» **Task to complete**:
Please transcribe the data exactly as shown, skipping the images.

» **Supplied records**:

<<<<

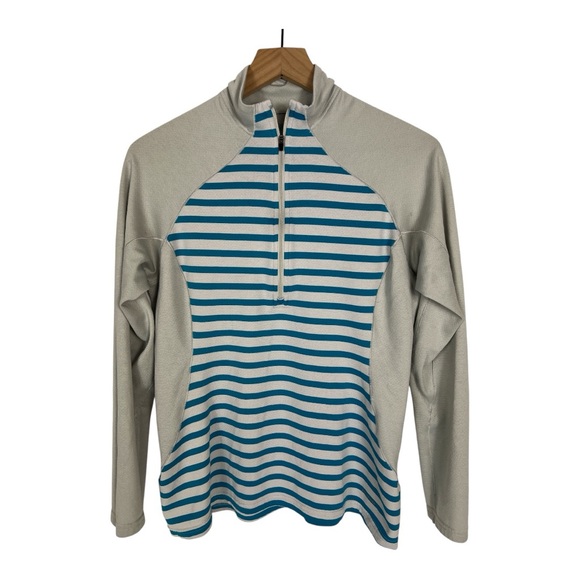 Patagonia Sz M Capilene3 Top Quarter Zip Blue and Gray Stripe Long Sleeve - Picture 1 of 9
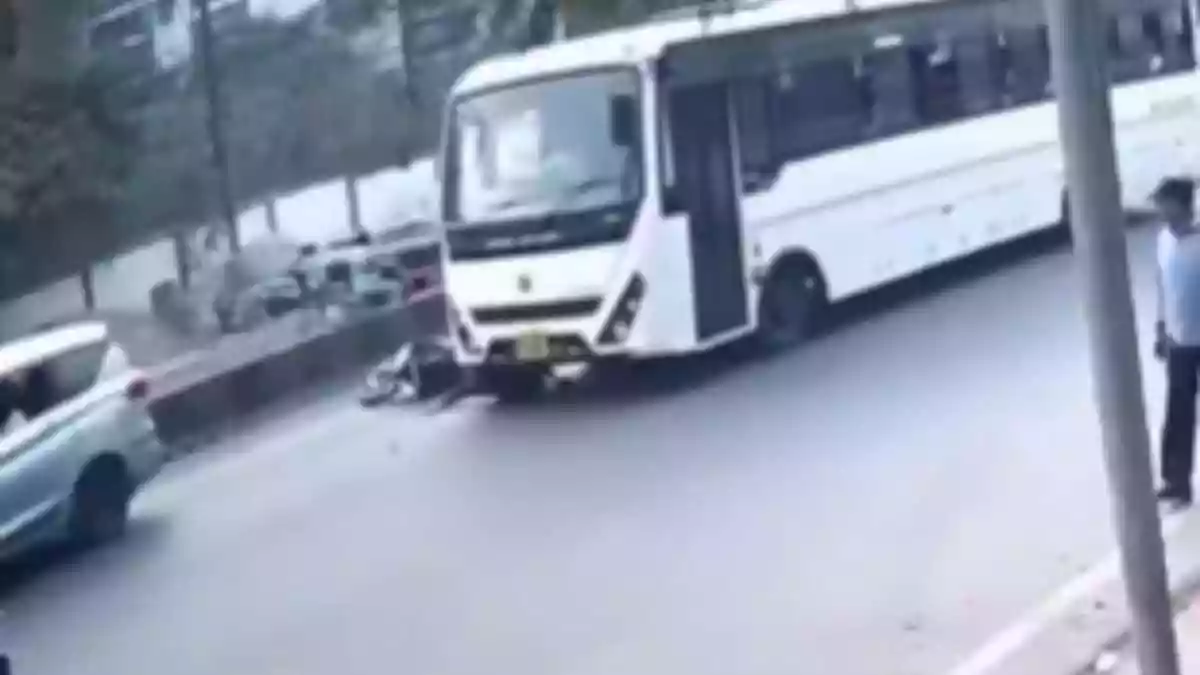 CCTV Captures Moment When Bus Runs Over Biker In Hyderabad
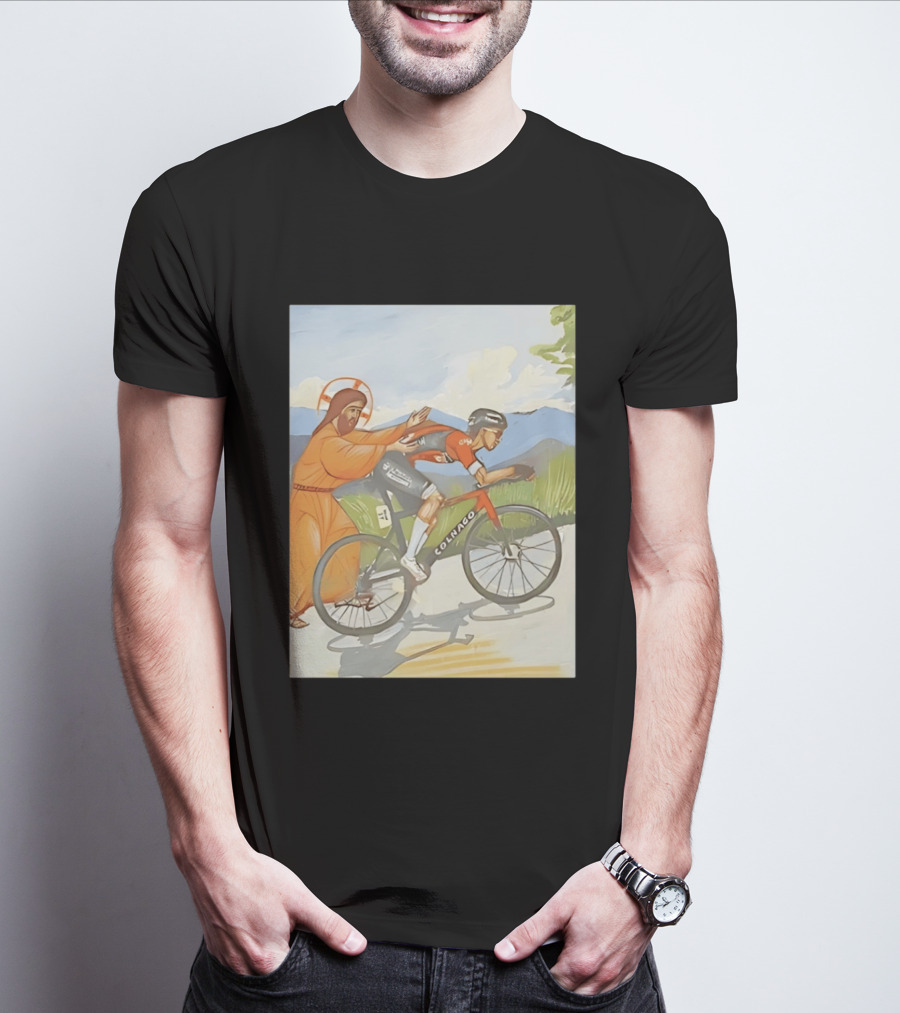 Jesus Gives Tadej Pogačar A Push Colnago Cycling T-Shirt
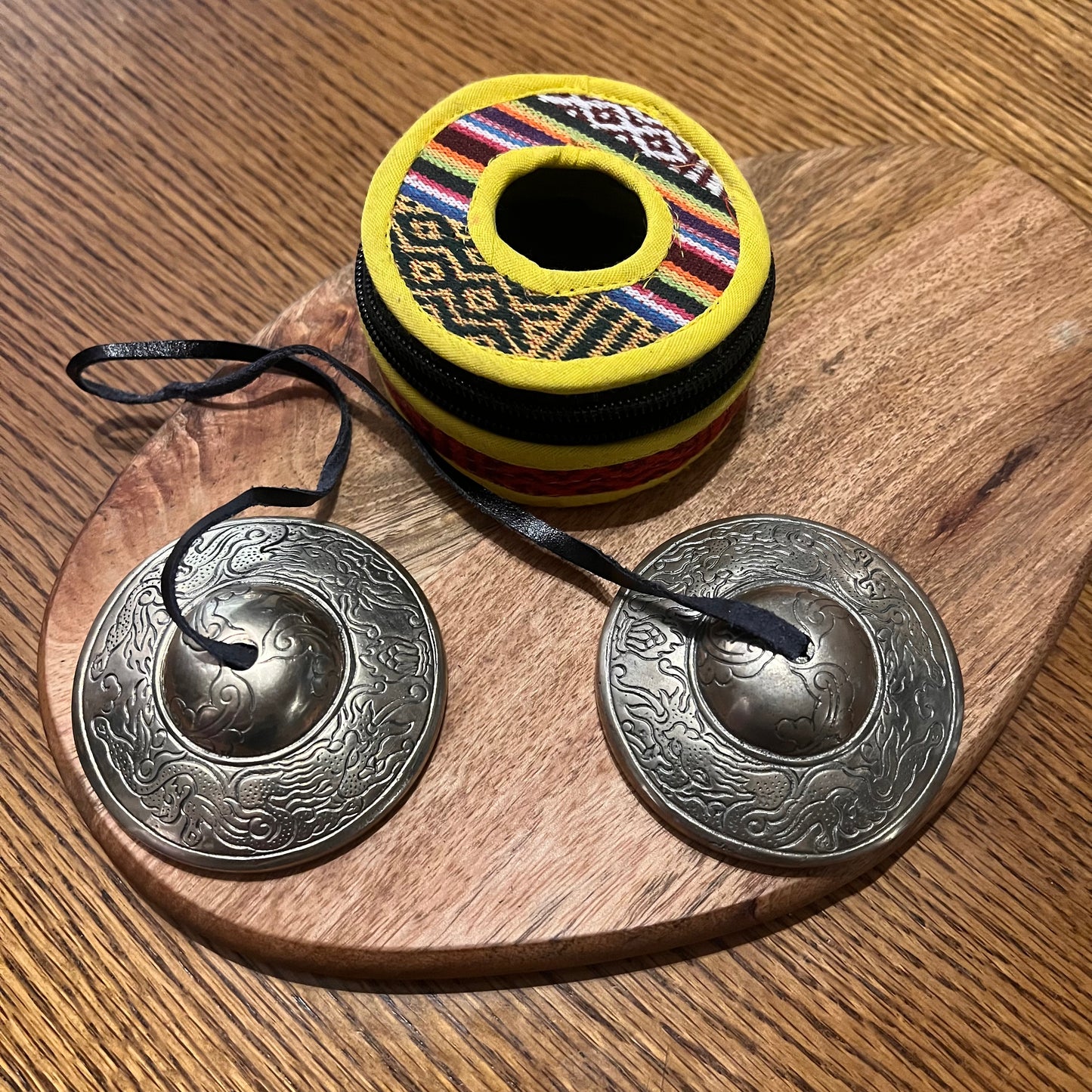 Tibetan Tingshas in authentic carry case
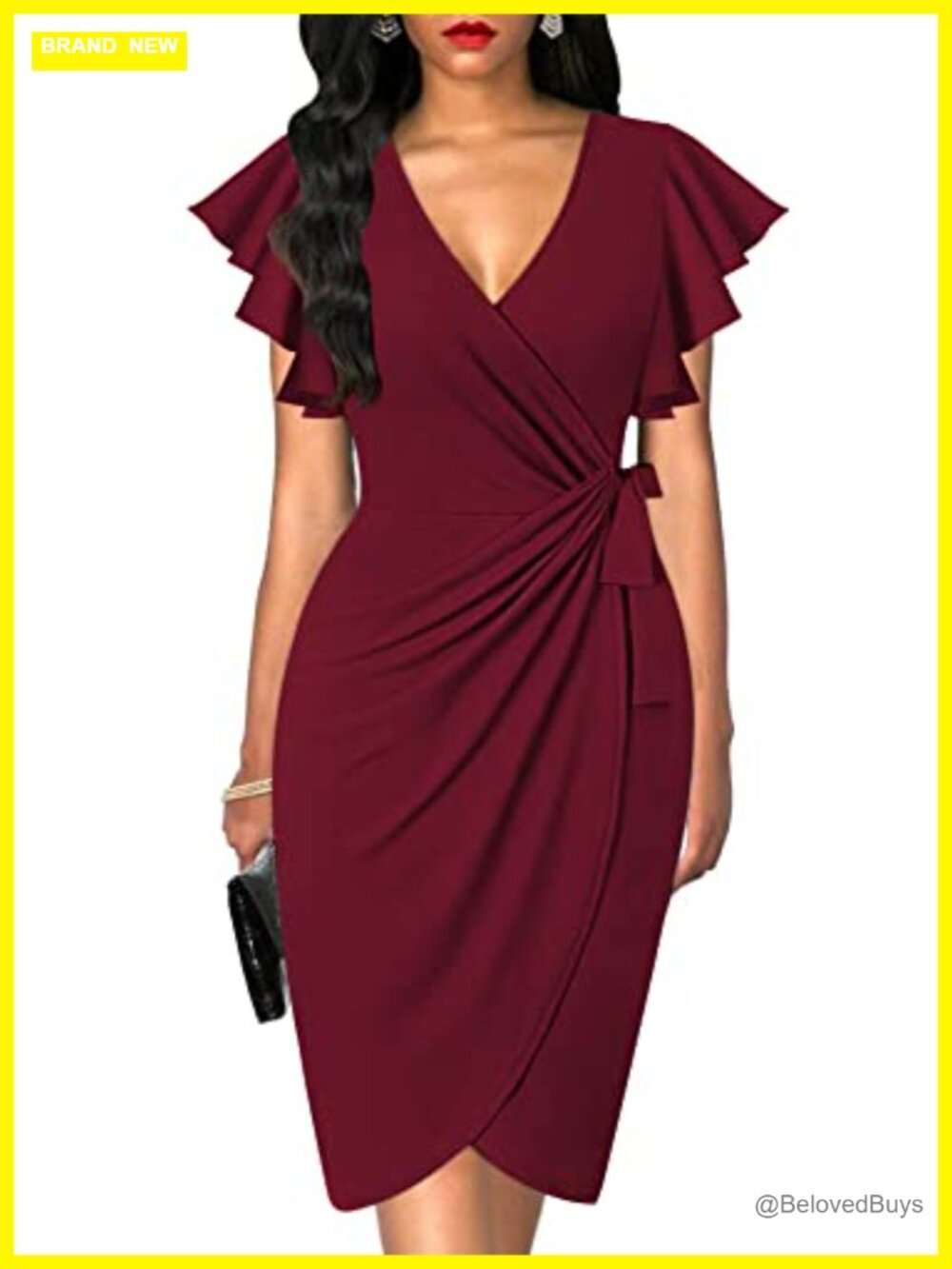 Faux Wrap Dress Deep V Neck Ruffle Sleeve Cocktail Work Business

>>>>

» **Task answer**:
 Patagonia Sz M Capilene3 Top Quarter Zip Blue and Gray Stripe Long Sleeve - Picture 1 of 9
 CCTV Captures Moment When Bus Runs Over Biker In Hyderabad
 Jesus Gives Tadej Pogačar A Push Colnago Cycling T-Shirt
 Tibetan Tingshas in authentic carry case
 Faux Wrap Dress Deep V Neck Ruffle Sleeve Cocktail Work Business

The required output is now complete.